Technology marketers can take these use cases as a starting point to develop content for all stages of the marketing funnel.

Top of funnel: showing the problem

Top of funnel (TOFU) content typically focuses on educating audiences on a topic and making them aware of the associated pain points. This type of content traditionally relies on market statistics as proof points and stock photography or footage to provide the business and emotional context.

Aerial footage, and the stills derived from that footage, can enliven the visual aspects of TOFU content. And in some cases, they can literally show the status quo. In the solar industry, for example, a survey of the landscape can reveal the extent of solar PV installations. Market stats overlaid on the footage provide numerical proof. As another example, an innovator in the hydroelectric industry may want to highlight the environmental drawbacks of traditional pumped hydro plants. Drone flyovers can cover extensive terrain to portray the problem in 90-second TOFU marketing video.

Drones can go indoors as well, to provide a vivid sense of a business challenge. Warehouse automation vendors can have a drone follow workers through a facility, to demonstrate how long it takes for humans to pick, pack, or check inventory. ERP, CRM, and other software vendors can launch a drone to literally track a business process as it affects people and products throughout the enterprise. Again, supporting facts and figures are added to the footage to maximize the impact of the TOFU message.

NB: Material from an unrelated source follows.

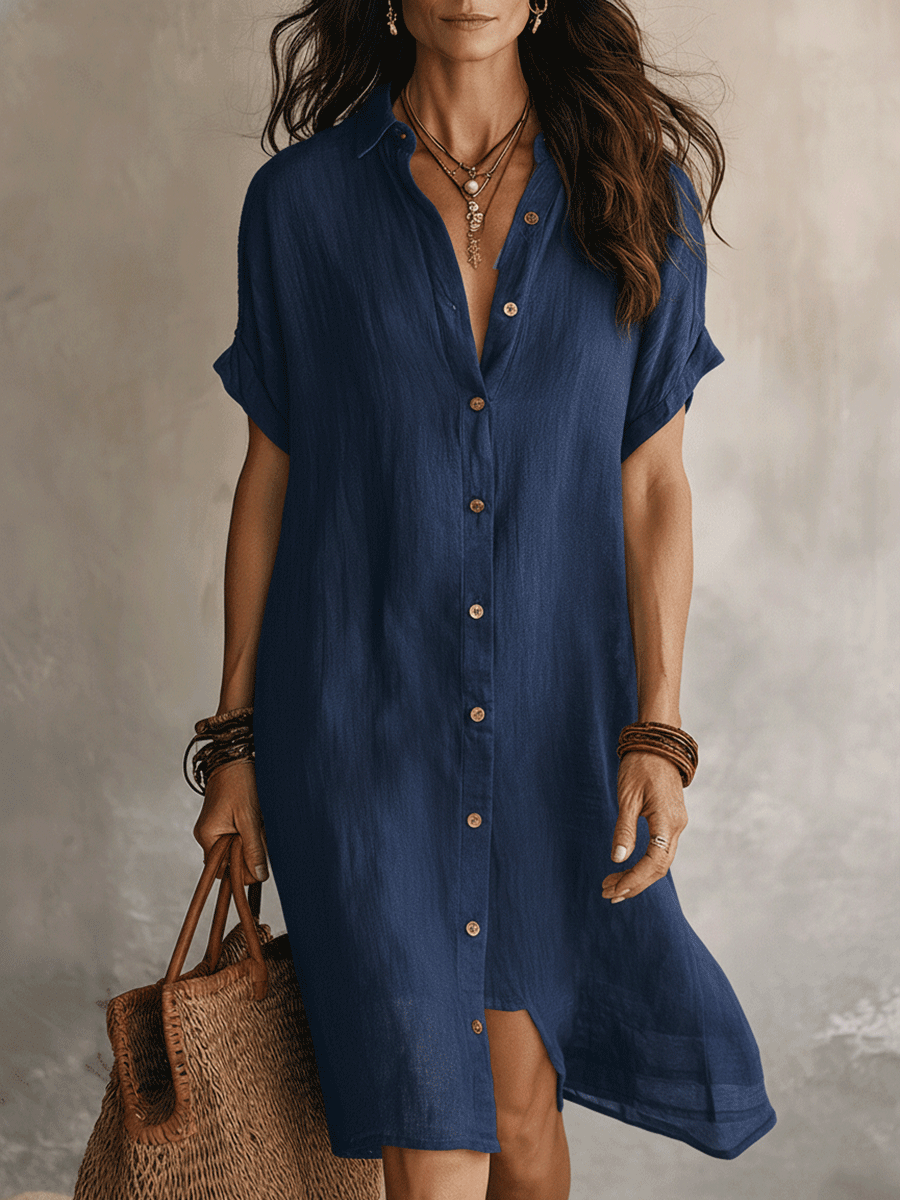 Effortless Linen Summer Midi Shirt Dress — product view 3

Middle of funnel: setting the stage for the solution

MOFU content takes the problems raised in the TOFU assets and offers an ideal solution approach. Use case scenarios often provide a convenient context in which to lay out the requirements of the ideal solution. But these scenarios can be complex; words and simplified illustrations may have little impact on the audience’s imagination.

Many technology solutions are not point products, but rather are deployed over a wide area or are used throughout an organization, market, or supply chain. In a higher education setting, cybersecurity vendors might want to show what it takes to protect laptops and other mobile devices as employees, visitors, or students roam around the campus buildings or between sites. Drones can capture footage of the campus and of (anonymized) users on the go. Combined with graphical overlays, a MOFU video can illustrate how certain technology functions and features are necessary to prevent cybercriminals from exploiting unprotected endpoints to infiltrate the entire network.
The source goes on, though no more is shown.